Make an exact copy of the whole listing, but leave its pictures out.

* Collected data *
-*-

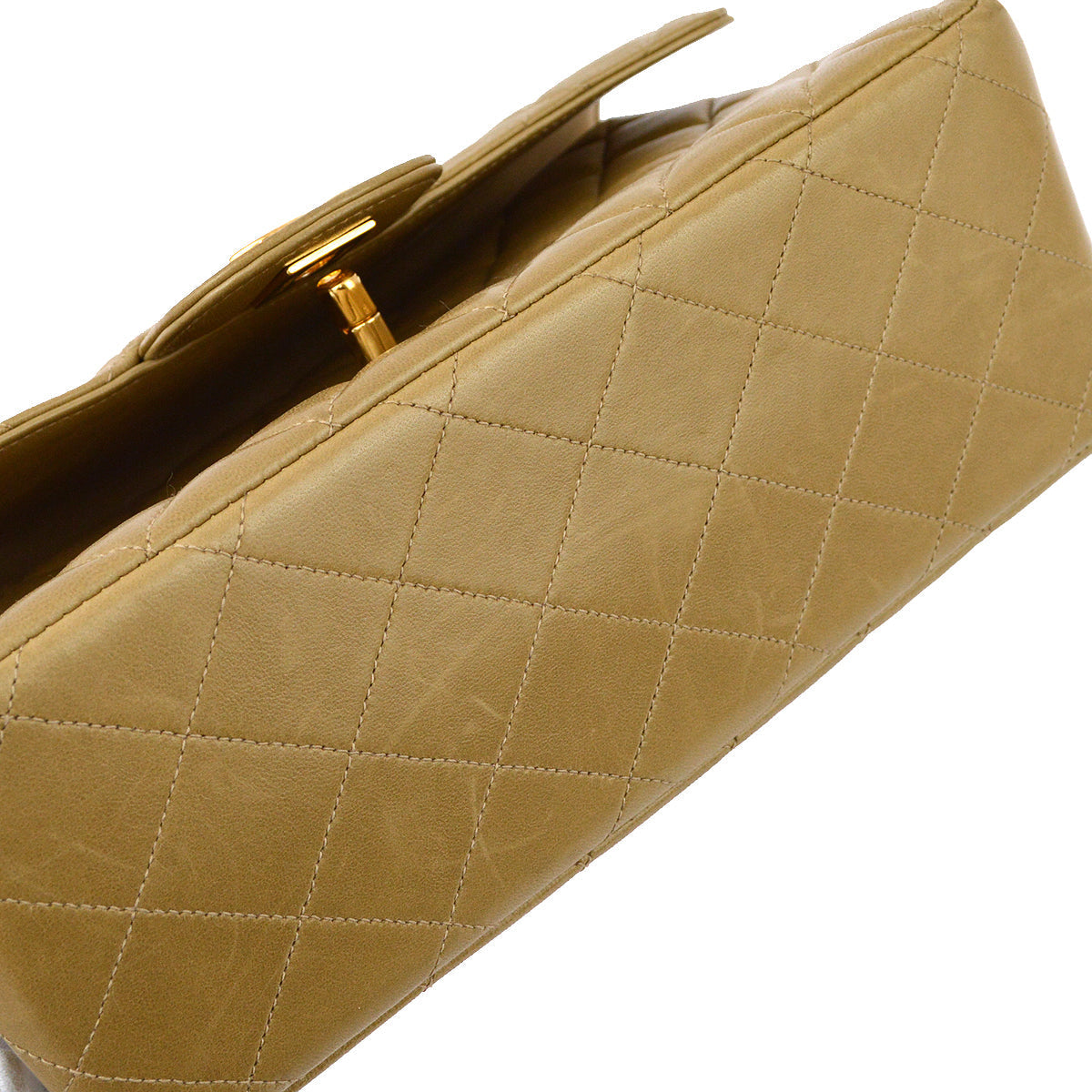 Chanel 1996-1997 Lambskin Small Double Sided Classic Flap Bag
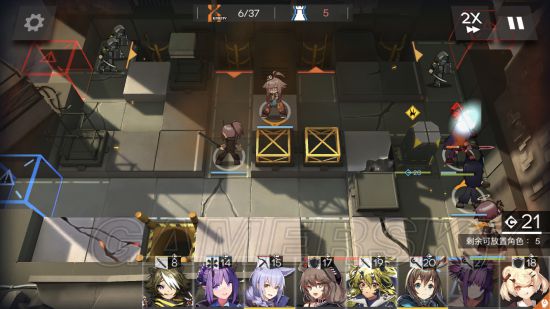 明日方舟1-12阵容怎么搭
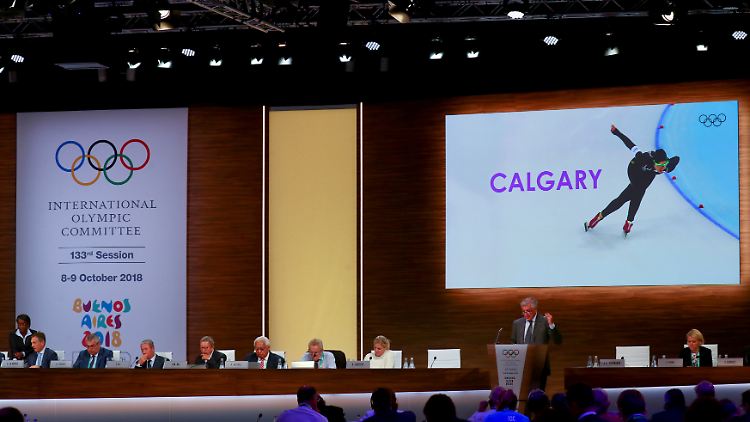 Nach 1988 wird es vorerst keine weiteren Olympischen Spiele in Calgary geben.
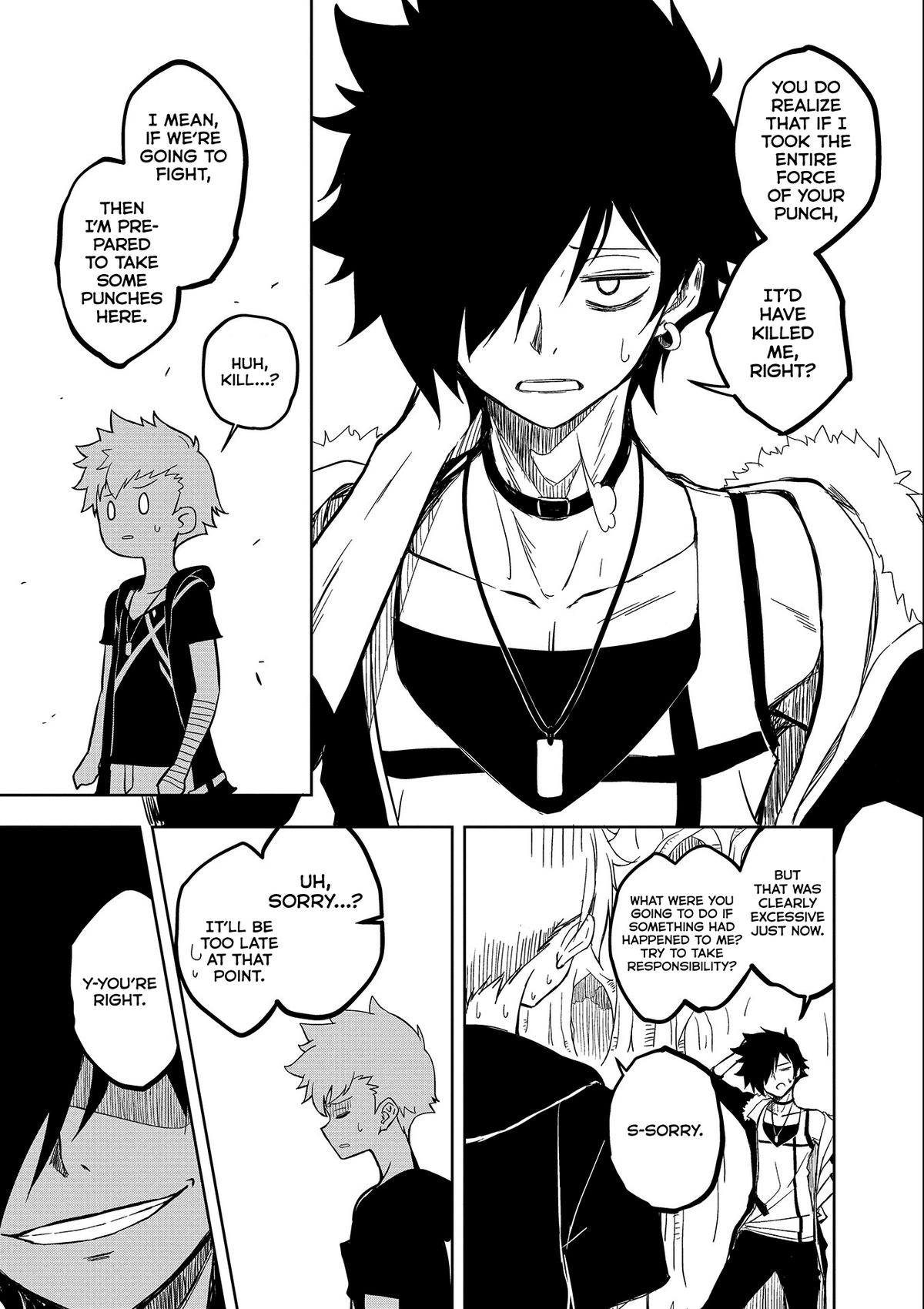 Joukamachi no Dandelion Chapter 54 20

-*-

* Your response *
 Chanel 1996-1997 Lambskin Small Double Sided Classic Flap Bag
 明日方舟1-12阵容怎么搭
 Nach 1988 wird es vorerst keine weiteren Olympischen Spiele in Calgary geben.
 Joukamachi no Dandelion Chapter 54 20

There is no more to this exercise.